The scene at South and Palmer does not take long to process, so Foley heads to Samuel. There is a large crowd and a lot of work to be done there.

Staley also said the crowd was large but unlike at other scenes where large crowds are sometimes rowdy or very vocal, this one is not. Several people are standing on sidewalks or in yards, holding up umbrellas to hold off a light yet steady rain. There is not a lot of conversation. It is more of a solemn crowd than a sullen one. Even when the girl’s body is brought out, the typical gasps that often accompany such moments are absent.

South and Palmer crime scene

That does not mean no one reacts, however. A woman is begging police to see the girl, who is covered with a sheet, one more time, saying “she’s my only daughter.”

In the midst of her shrieking, Detective Sgt. Dave Sweeney, one of the investigators called out on the case, says, “Ma’am,” very quietly. She quiets down. She and Sweeney talk. The body is bundled into a van belonging to the team that is contracted to remove bodies for the Mahoning County Coroner’s Office and is quietly driven away in the rain.

This is not Sweeney’s first child murder. He was the lead detective on the infamous Robert Seman case when Seman was charged with burning down a house in March of 2015 on the eve of a trial where he stood accused of raping a 10-year-old girl. The girl and her grandparents were killed in the fire. Seman later committed suicide in April 2017 by leaping off the fourth floor of the Mahoning County Courthouse just two days before his trial was to start in Portage County.

Although Foley stayed at Samuel for a couple of hours, the scene at South and Palmer and Gibson is still being held for him.
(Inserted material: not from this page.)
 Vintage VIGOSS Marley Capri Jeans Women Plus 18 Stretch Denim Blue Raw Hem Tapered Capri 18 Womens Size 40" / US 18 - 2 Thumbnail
He goes back a little after 4:30 a.m., and it is just then that veteran Crime Lab Officer Anthony Marzullo and others begin to collect several shell casings in the intersection that were initially found by officer Andrew Balog, who has been on the department for just a year and a half.
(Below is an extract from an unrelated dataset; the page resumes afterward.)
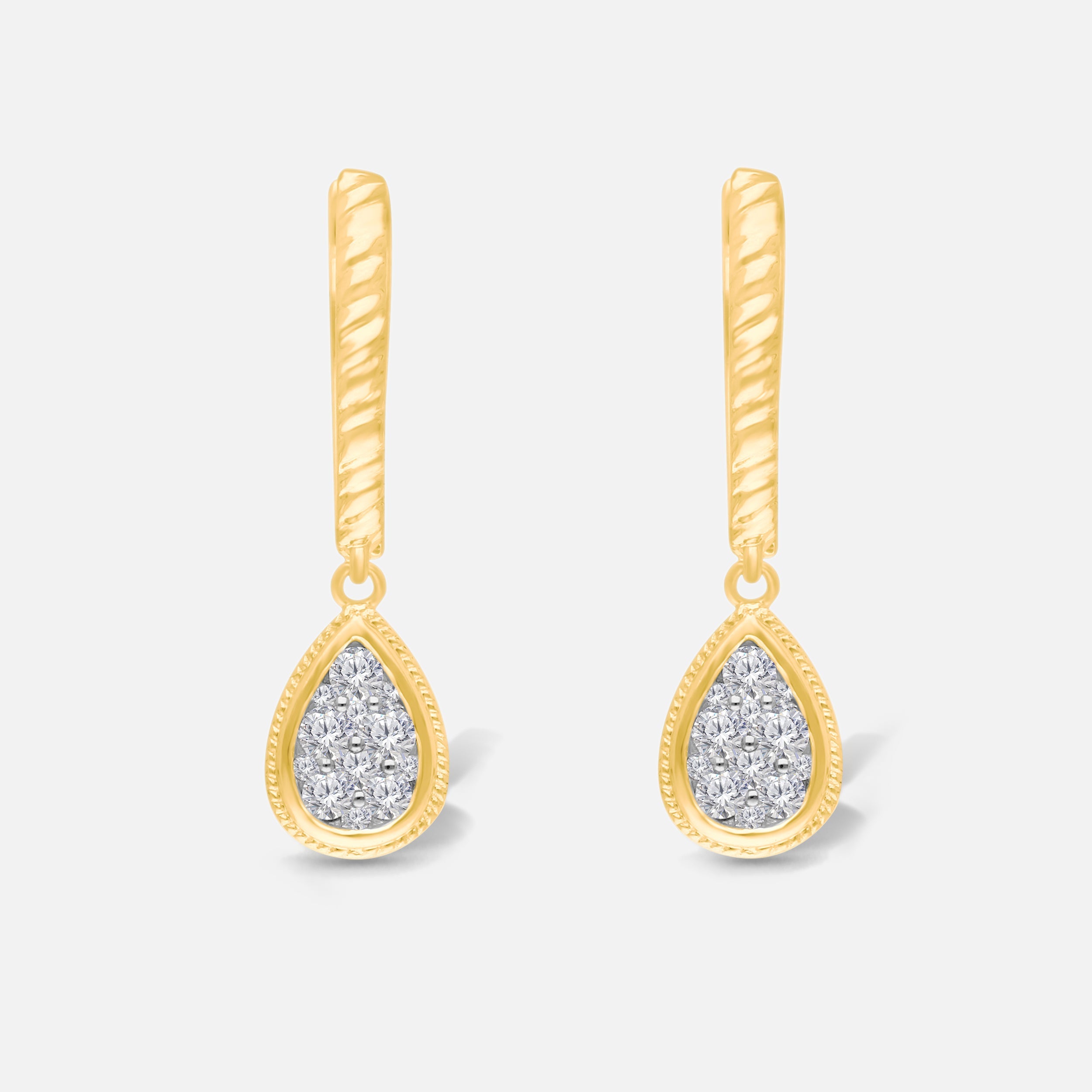 Pave Pear Diamond Huggies White Diamond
Often, Balog said even in the dead of night casings are not hard to find if they are on the pavement because they will glisten under the street lights, but it is another matter if they are in the grass of someone’s yard.

While investigators were not rushed at Samuel, Foley said he did not want to tie up the house more than was necessary because there were other children who were there and he wanted to make sure they had access to the house as soon as possible.
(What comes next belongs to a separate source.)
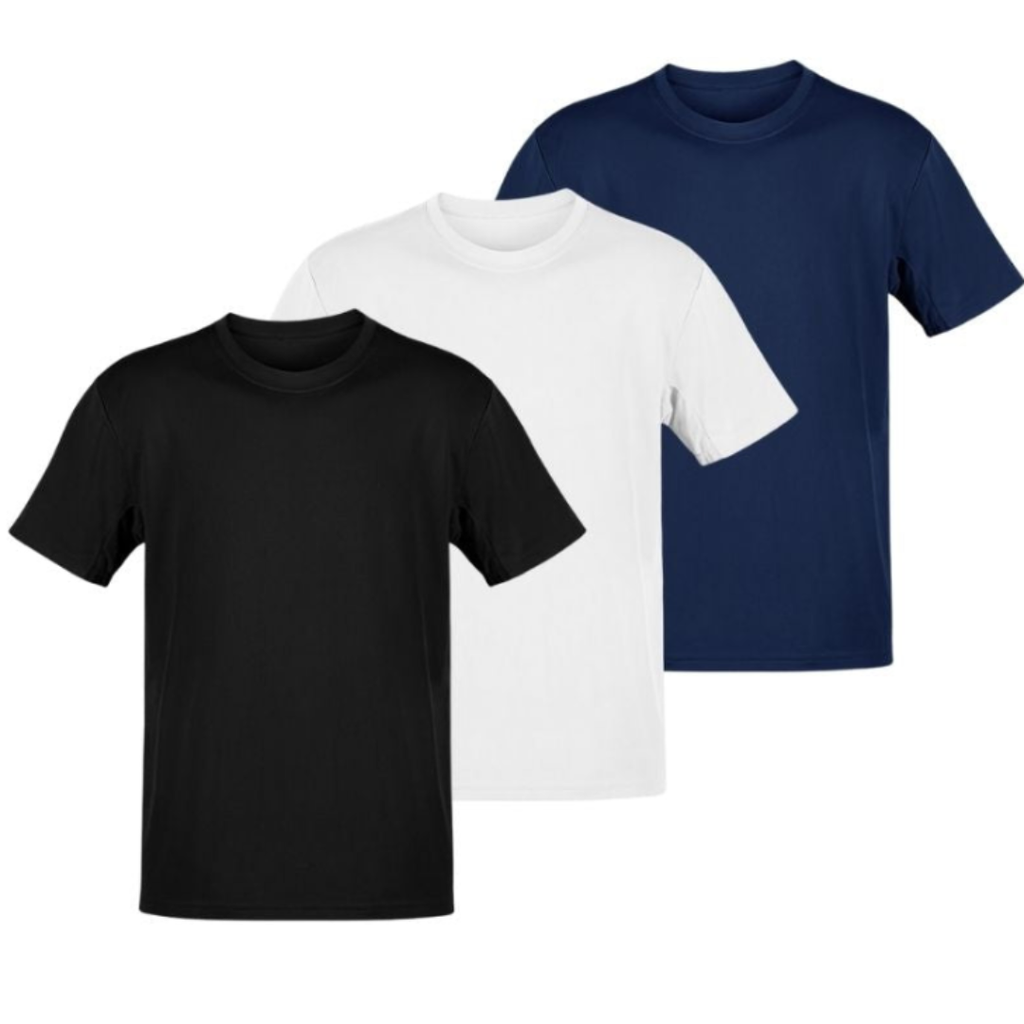 Set aus drei klassischen Basic-Shirts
Foley said another worry he had was that there were no cars available if another serious call came over the air. But call records show neighboring departments, such as Girard and Austintown, were alerted to what was going on in the city and could respond to something if needed.

Foley said it took about four or five hours after he was called out to confirm the homicides were related. He said “video evidence” played a large part in confirming they were, but he would not be more specific. Later, police said they are looking for a maroon GMC-type SUV they think was involved in the shootings.

“It’s a tragedy,” he said.

As police guard both scenes, radio traffic decreases dramatically. At 3:05 a.m. the word comes in from the hospital that the four victims there are stable. At 4:42 a.m., about two and a half hours after the first call came in, Staley clears the scene on Samuel.

“Everyone on Samuel is in service,” Staley tells dispatch. His night is just about over. He only has one more thing to do before he gets some sleep.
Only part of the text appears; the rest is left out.